Pharmacokinetics Flashcards
What are the pros and cons of IV administration?
very rapid onset but its invasive and requires training
What are routes of administration?
ingestion - GI tract -> hepatic portal system ->liver -> systemic circulation -> body
some goes to bile -> GI tract - > absorbed/excreted
What are systemic and local routes of administration?
systemic = entire organism exposed to the drug e.d BP lowering drug
local = restricted to one area of organism e.g skin infection
What is enteral and parenteral administration?

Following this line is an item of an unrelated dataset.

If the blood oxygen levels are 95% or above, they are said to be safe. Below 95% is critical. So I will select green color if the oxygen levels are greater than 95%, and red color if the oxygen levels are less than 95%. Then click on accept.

Why would you use parenteral administration?
enteral = via GI tract - orally
parenteral = everything but GI tract - e.g IV
maybe drug isn’t absorbed/has short half life but needs to get into systemic circulation as quickly as possible,
How do drugs get into the systemic circulation?

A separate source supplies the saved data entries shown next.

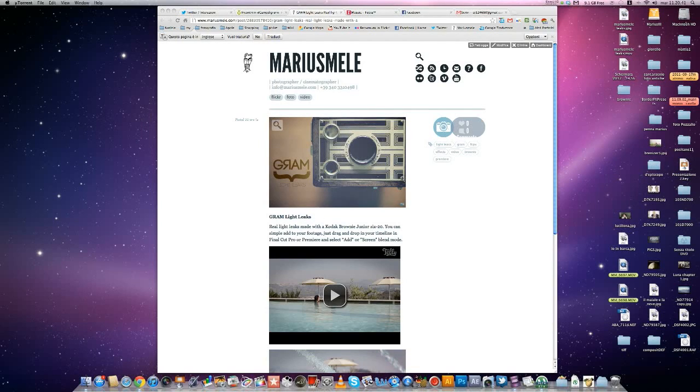Hi, this is Mario Smele from MarioSmele.com. I want to talk about Gram Lightlicks, real light leaks made with a Kodak Brownie Junior 620.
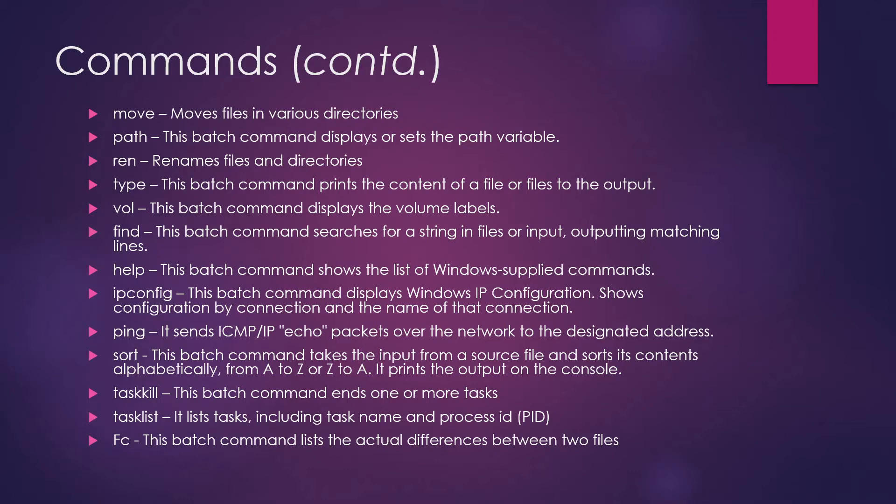Sort command - this batch command takes the input from a source file and sorts its contents alphabetically. You can go from A to Z and from Z to A depending on your choice.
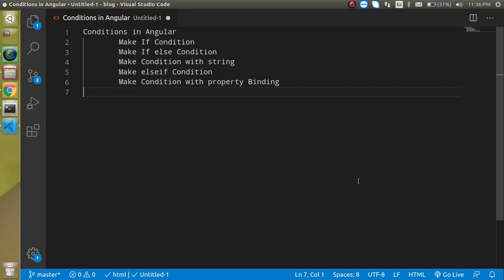Hi everyone, welcome back to my channel. My name is Anil and in this Angular video tutorial we will learn about conditional statements. Conditional statements are very important because they are used in every project, whether small, medium, or large. These are the points of this video.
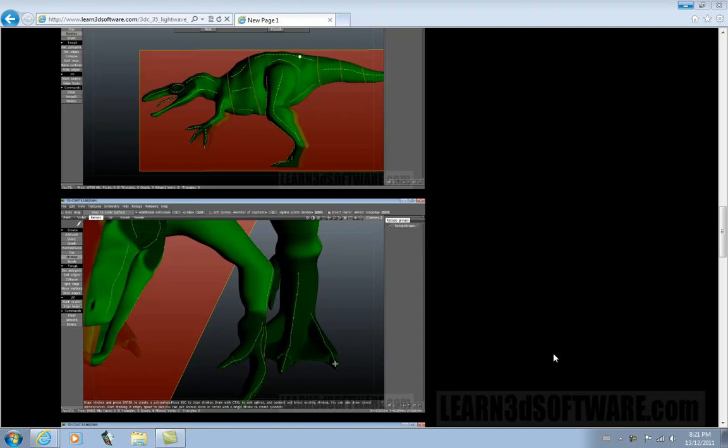Hello, this is Adam Gibson from Learn3Dsoftware.com. Today we're here to talk about our training video, Auto Retopology for 3D Coat.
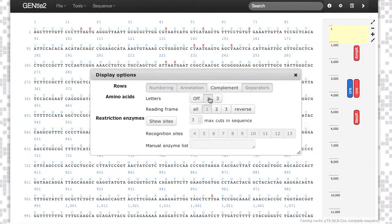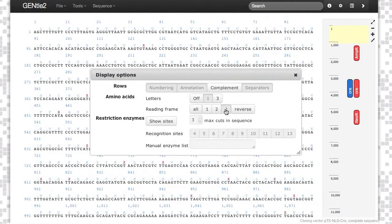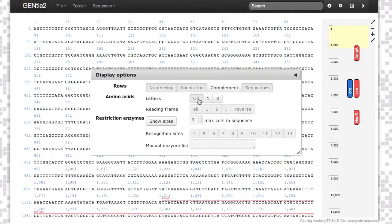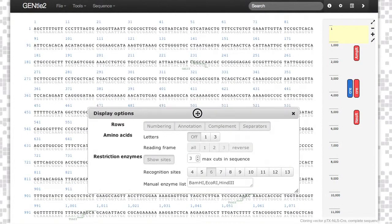You can also view your amino acid code in different reading frames. You can also show restriction sites, which will automatically show the complementary strand and the cut site.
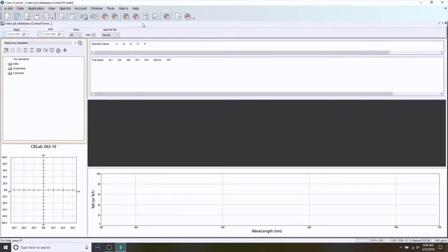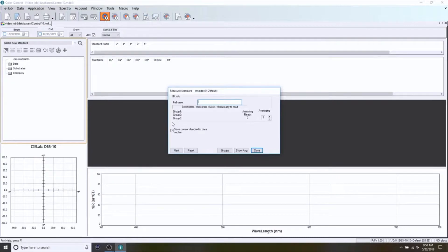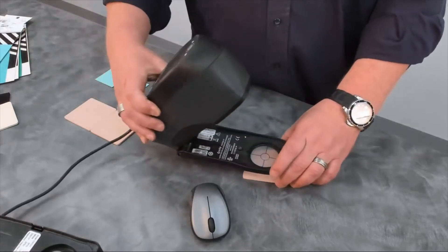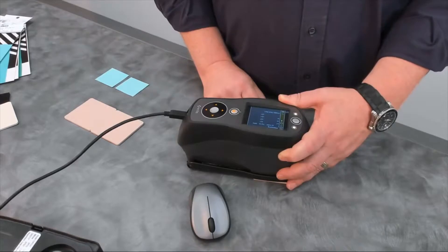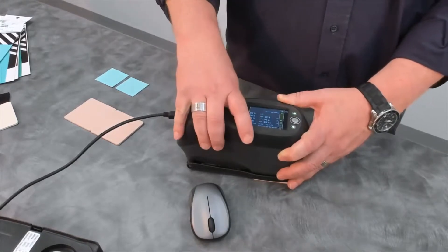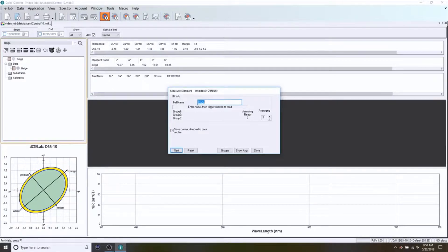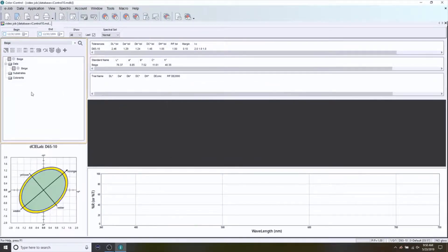To create a standard, I'm going to go to the icon up here — it looks like a target or a standard in our case. I'm going to click on that and it's going to open a dialog box for me to enter the name of the standard. I'm going to keep it simple and call it by its name, in this case it's Beige. I'll click Next and you'll see it says 'Waiting Untriggered Read,' telling me the software is waiting for me to take the instrument — my CI64 in this case — press down, and it completes the measurement. Now I can close that window and you'll see that I have a color standard created.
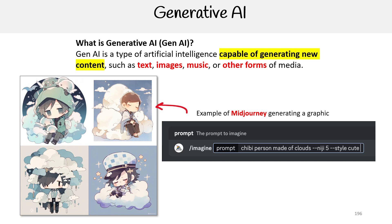All the cloud service providers have some kind of offering with both image and text. The idea is that you can plug stuff in and you get stuff out.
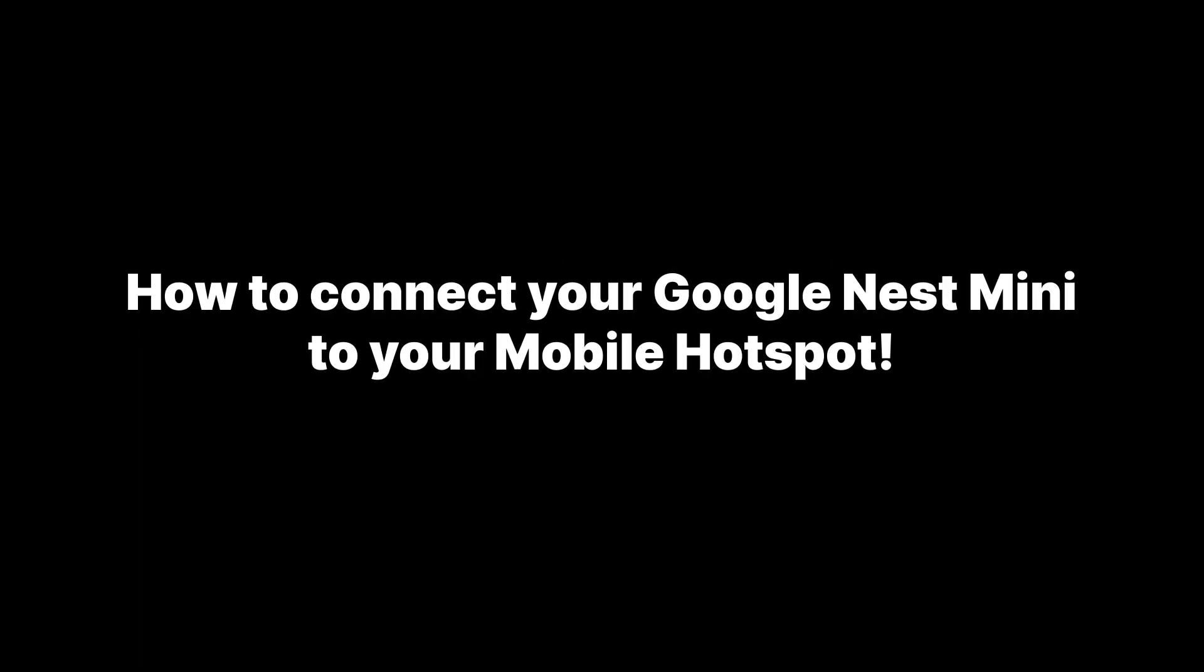Hey everyone, and welcome back to the channel. Today, we'll show you how to connect your Google Nest Mini to your mobile hotspot.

bulk flow transfer - e.g in bloodstream in bulk
diffusion transfer - molecule by molecule over short distance
What are compartments and barriers?
compartment = aqeous e.g blood, lymph, ECF
barrier = lipids e.g cell membrane
What does the ratio of ionised to non-ionised form of the drug depend on?
pH of the environment and the pKa of the molecule
What form is aspirin in in the stomach?
aspirin is acidic and has a pKa of 3.4- in stomach pH is 1 (less than pKa of aspirin) so aspirin is persuaded to be non-ionised -readily diffuses across lipid layer -> intestines which is basic so becomes ionised -> much slower absorption
When would you use enteric coated aspirin?
uncoated aspirin for headache - fast absorption
coated for arthritis - resistant to stomach acid -> intestines -slow absorption
What is ion trapping?
e.g aspirin
in stomach its un ioninsed, in blood stream (neutral pH) its both ionised and un-ionised - un ionised form is mopped up by protein -> drug -protein complex -> extends half life of drug
What factors affect drug distribution?
regional blood flow- well perfused tissues = exposed to higher conc. of drug
extracellular binding (plasma proteins) - 50-80% drug bound to protein, albumin can bind to both ionised and un ionised
capillary permeability - fenestrated = more permeable to drugs, continous had=s water filled gap-junctions, discontinous had large gaps
localisation of tissues - fat isn’t usually highly perfused so its very lipophilic- lipophilic drugs localise in fatty tissue e.g brain
What are the main routes of excretion?
liver and kidney (kidney does most of the excretion)
many drugs and metabolites eliminated by kidneys -> converted into water soluble
in liver- large molecular weighted material -> bile -> intestines -> excreted
How do excreted drugs get into the urine?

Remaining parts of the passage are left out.